DECISION AND REASONS

Heard at Field House on 7 May 2024

The Appellant

1. The appellant is a citizen of Uganda born on 20 September 2013. He appeals against a decision of Judge of the First-tier Tribunal Rothwell dated 23 October 2023 which dismissed his appeal against a decision of the respondent dated 6 September 2022. That decision in turn was to refuse the appellant’s application for entry clearance. The appellant wishes to join his mother and stepfather Mr Paul Coleman (the joint sponsors) in the United Kingdom. The joint sponsors married in Uganda on 04/05/2018.

The Appellant’s Case

2. The appellant’s case is that he is presently staying with his maternal grandmother during school holidays but due to her age this arrangement cannot continue. During term time he attends a boarding school paid for by the joint sponsors. The appellant’s birth father Mr Hassan Kivumbi born 28/02/1987) who is a national of Uganda has abandoned him. The joint sponsors in the United Kingdom now have sole responsibility for him.

The Decision at First Instance

3. The respondent refused the application under Appendix FM section E-ECP because the appellant did not meet the eligibility relationship requirements. The respondent did not accept that the appellant’s mother had sole responsibility for the appellant. There were no serious or compelling circumstances such that the application should be allowed within the rules or outside them under article 8 (right to respect for private family life).

4. Judge Rothwell upheld this as she did not accept that the appellant’s father had abandoned the appellant. She did not accept that the appellant was no longer living with his father, see [30] of the determination. She based her views partly on the statutory declaration made by the appellant’s mother and father to the effect that the appellant would live with the father.

5. At [37] the judge summarised the appellant’s circumstances in Uganda:

… in Uganda the appellant has close family members around him to support him, which includes his father, his maternal grandmother, and his maternal uncle. The plan was that he would live with his father, and on the evidence before me I have found that he remains living with his father during the school holidays. He is doing well at school, and there is no evidence of any emotional and mental health issues, although I accept that he would prefer not to be at boarding school and would like to live with the sponsor. He is in regular contact with the sponsor, his stepfather, and half-brother, and they visit Uganda when they can.

The Onward Appeal

6. The appellant appealed against this decision largely repeating the appellant’s case before the First-tier. The grounds argued that the appellant’s mother had sole responsibility for the appellant, that his mental health was being affected by the fact that he had no parent around him and his grandmother’s health was frail. It was in the appellant’s best interests that he be granted entry clearance to the United Kingdom to live with the joint sponsors.

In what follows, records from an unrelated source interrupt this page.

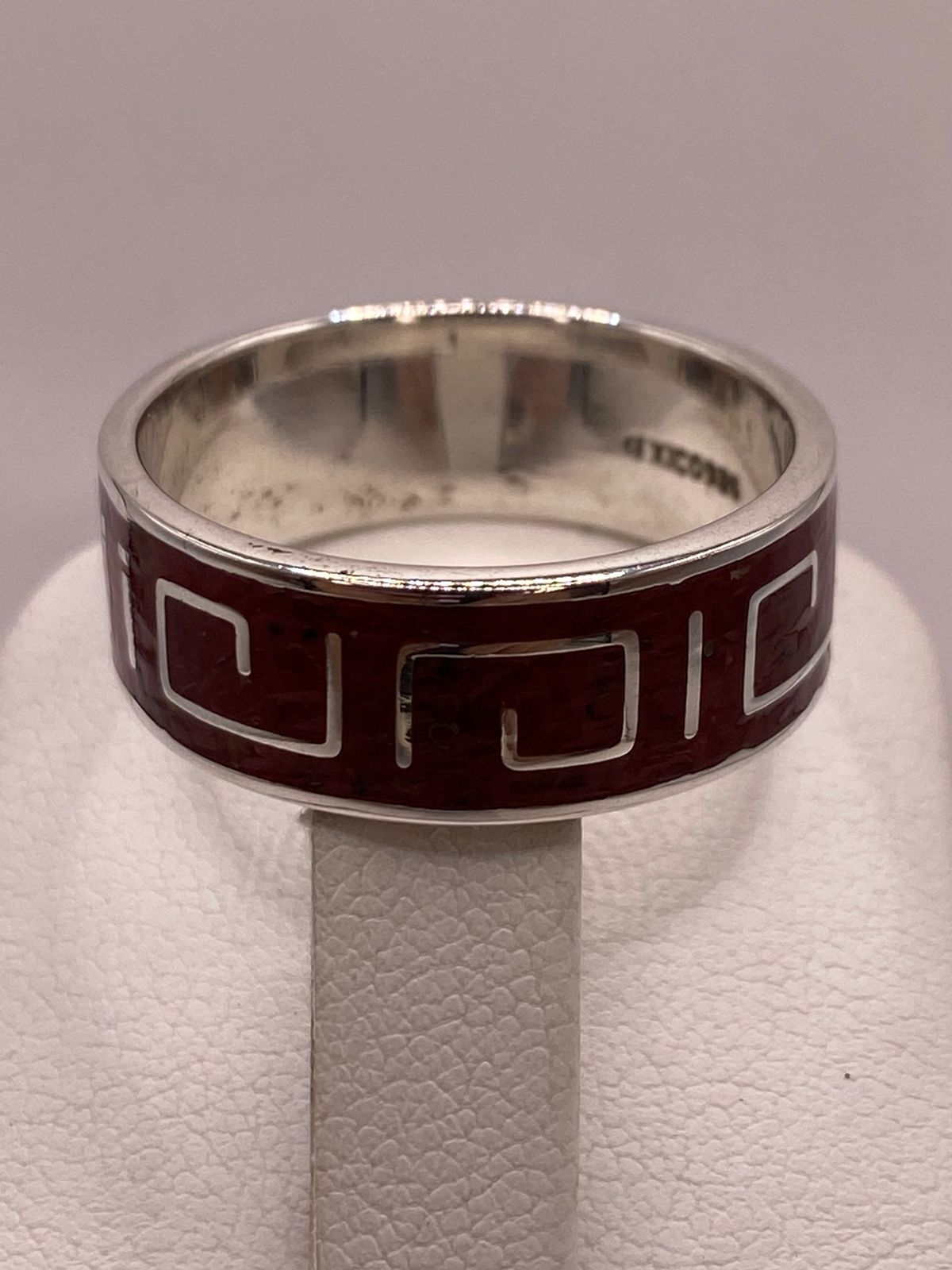 Anillo de Plata .925 con Coral Rojo – Diseño Geométrico Clásico, vista lateral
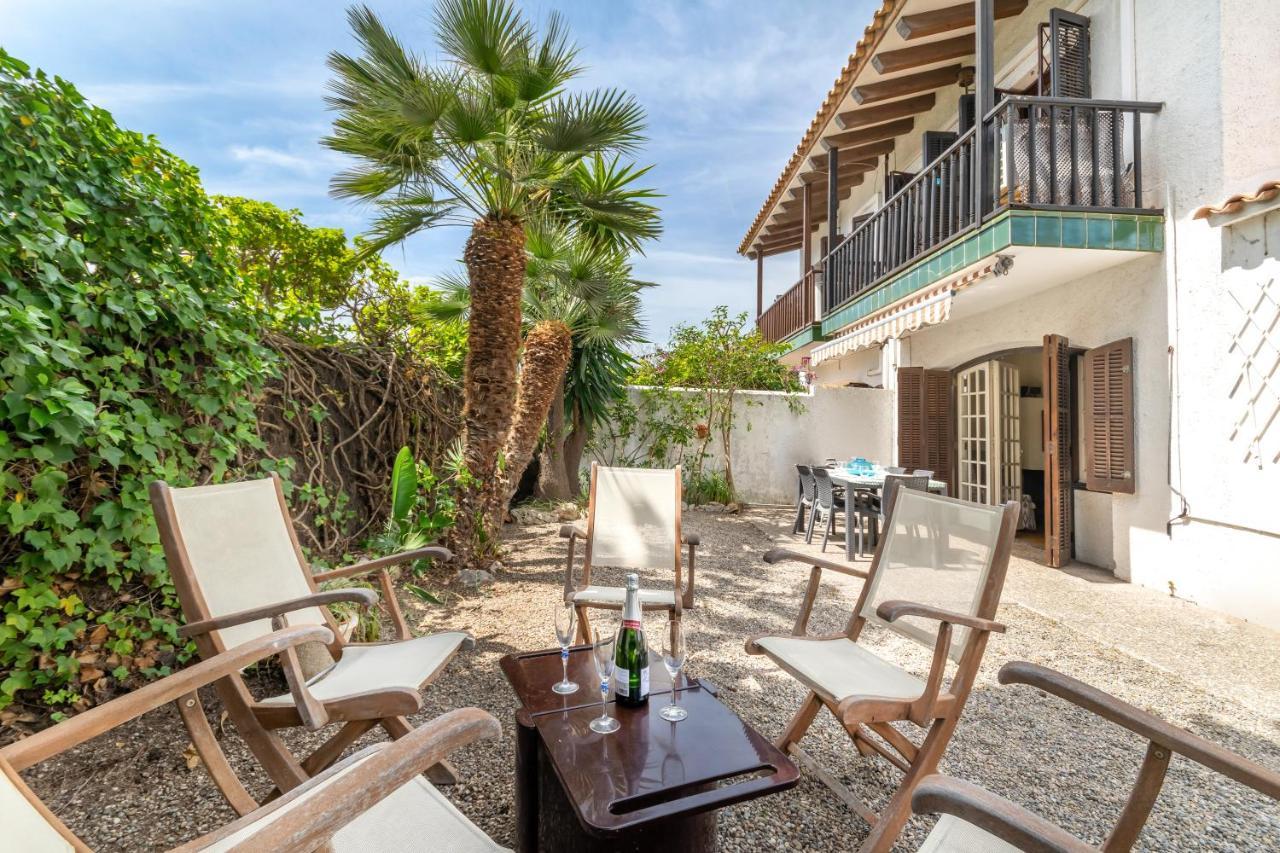 Paola: Preciosa Casa Pareada Con Piscina Sitges
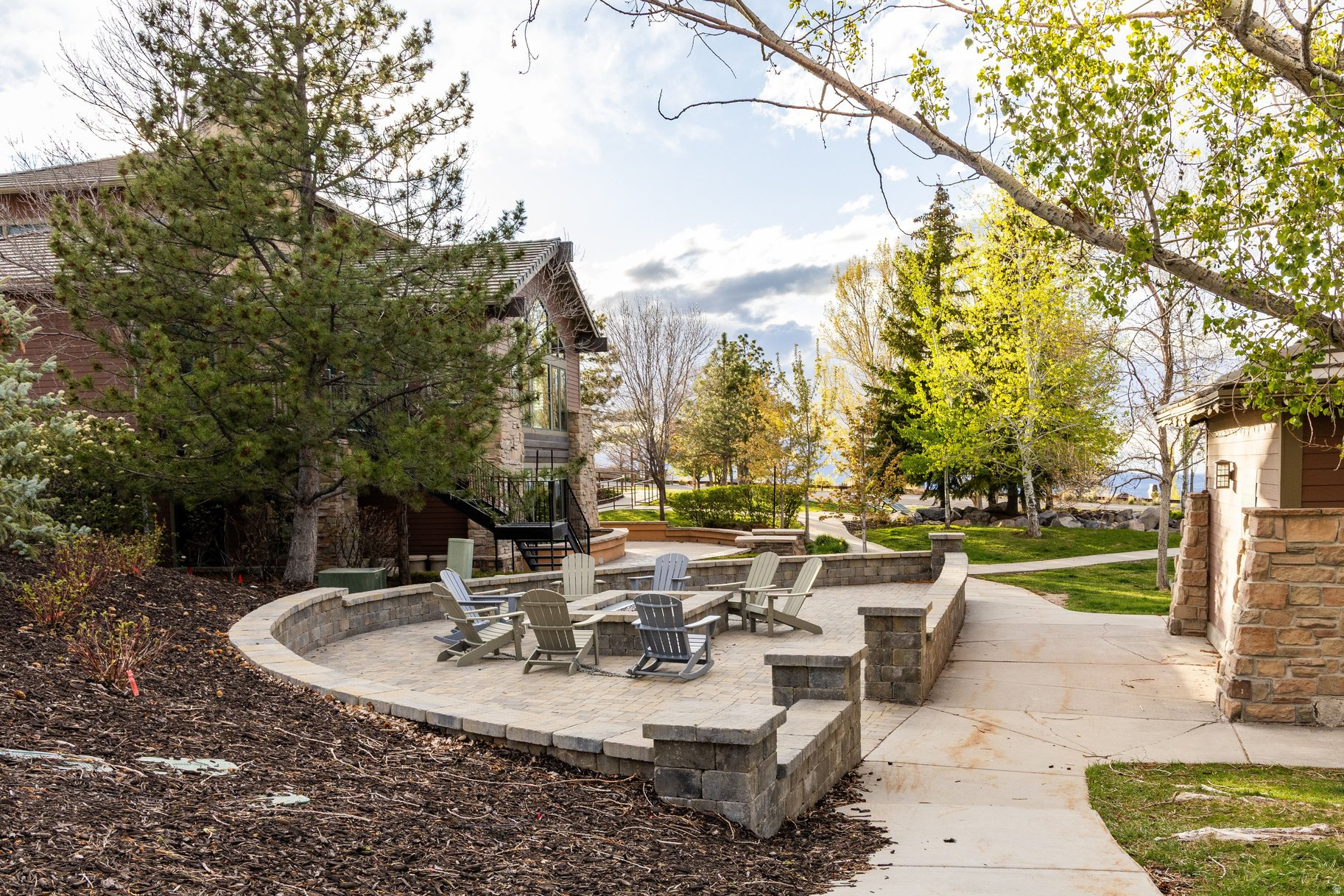 EAGLE CREST NO 1 AT - Residential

7. The First-tier refused permission to appeal finding that the grounds amounted to no more than a disagreement with Judge Rothwell’s decision. The appellant renewed his application for permission to appeal to the Upper Tribunal where Deputy Upper Tribunal Judge Skinner granted permission to appeal. Judge Skinner agreed that the appellant’s grounds were merely an attempt to reargue the case. However he granted permission to appeal on the grounds that the Judge had not complied with the duty imposed by section 55 of the Borders, Citizenship and Immigration Act 2009 as she had failed to assess what was in the Appellant’s best interests.

8. While the Judge had considered the Appellant’s circumstances in Uganda, she had not considered what the appellant’s circumstances would be in the United Kingdom or reach any conclusion about whether remaining in Uganda or coming to the United Kingdom was in the Appellant’s best interests. This error arguably vitiated the finding that the Appellant’s family life was not interfered with by the respondent’s decision. Judge Rothwell had not considered what the Appellant’s family life would look like were the appellant to be granted entry clearance. Judge Skinner directed that the onward appeal be limited to the section 55 point to include an argument as to whether any such error would be material.

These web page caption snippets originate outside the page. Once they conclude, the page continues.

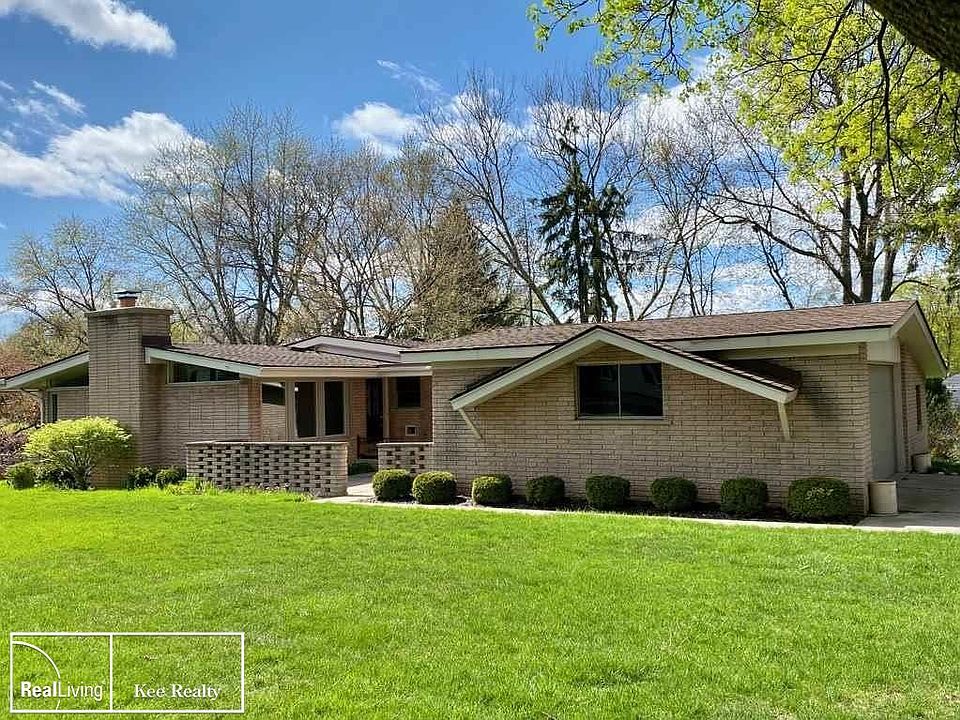 1st image of 415 Henley Dr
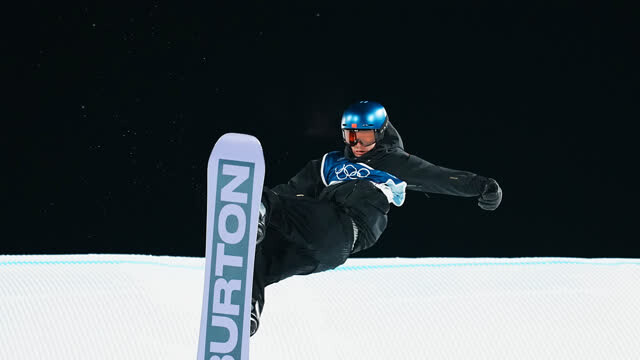 冬奥会｜单板滑雪——苏翊鸣获男子大跳台铜牌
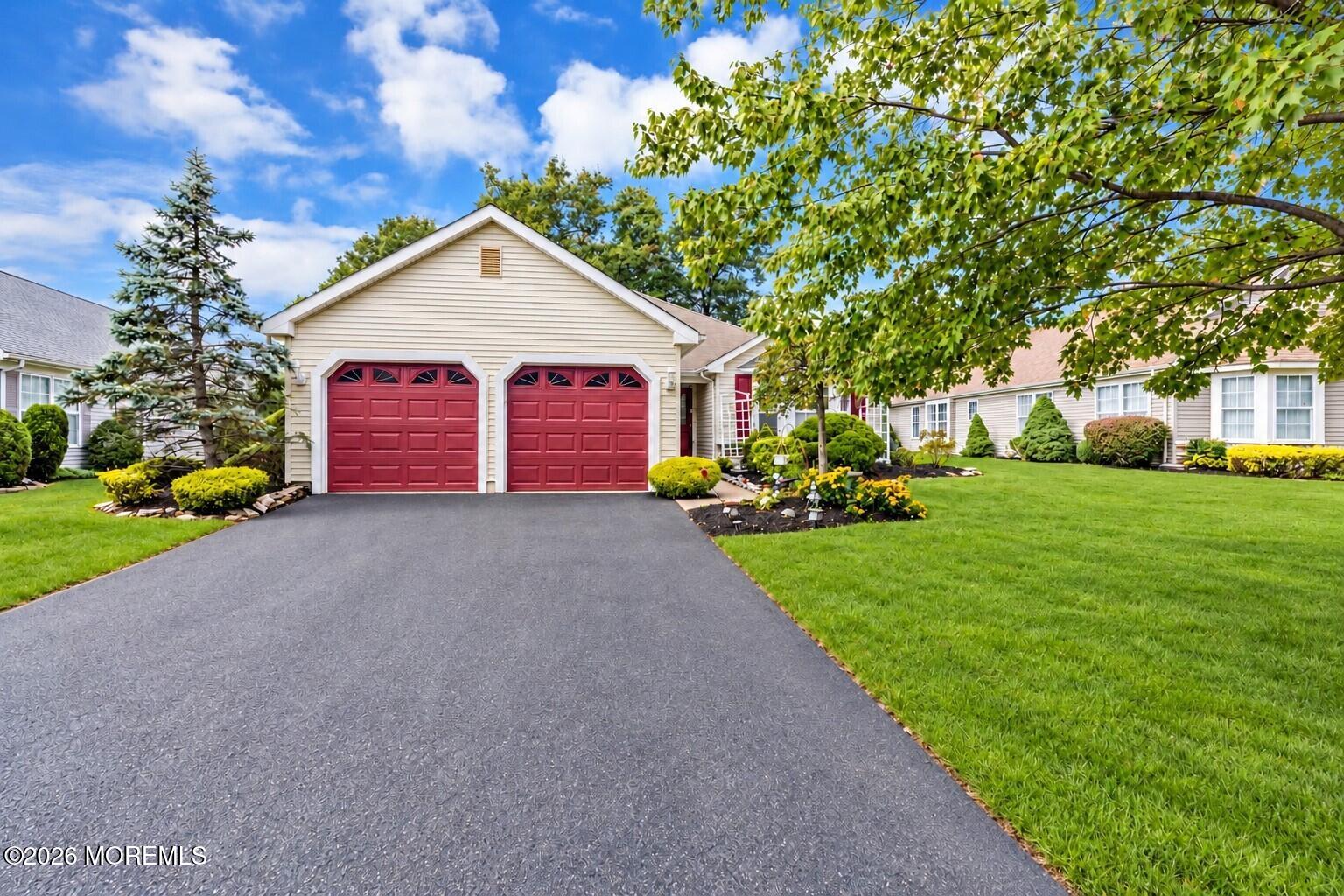 87 Skyline Dr, Lakewood, NJ 08701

9. The respondent submitted a rule 24 response to the grant of permission to appeal. The rule 24 response made three main points. The first was that pursuant to the case of AZ [2018] UKUT 00245 the Upper Tribunal should not grant permission to appeal on a ground not raised by the party appealing unless that ground had a strong prospect of success (and not merely arguable). The judge had not specifically identified whether the ground that he gave permission to appeal on had such strong prospects of success. The reference in the grant to looking to see whether any error was material indicated some doubt on Judge Skinner’s part as to whether the ground did have strong prospects.

10. Secondly the judge said that the section 55 point was a Robinson obvious point but had not indicated why that was so. Section 55 did not apply to children outside the United Kingdom. In any event the respondent had considered the best interests of the appellant in a document dated 9 January 2023.

11. Thirdly the appellant had not raised any argument at the hearing about what his family life would look like were he to be granted entry clearance. The Upper Tribunal did not have jurisdiction to consider this appeal.

The Hearing Before Me

12. In consequence of the grant of permission the matter came before me to determine in the first place where there was a material error of law in the decision of the First-tier Tribunal such that it fell to be set aside. If there was then I would make directions on the rehearing of the appeal. If there was not the decision at first instance would stand.

13. The joint sponsors attended but were unrepresented unlike in the First-tier when they had been represented by counsel. I invited the presenting officer to indicate why the respondent opposed the onward appeal to enable the joint sponsors to have a greater opportunity to contest what was being said on behalf of the respondent. The presenting officer relied on the rule 24 response which I have summarised above. The judge was evidently not sure of the strength of the argument that a new ground could be relied upon. Although it was accepted that judge Rothwell had not said in terms that she had considered the best interest of the appellant pursuant to section 55 however she had found that the appellant could not meet the immigration rules. The appellant had close family around him.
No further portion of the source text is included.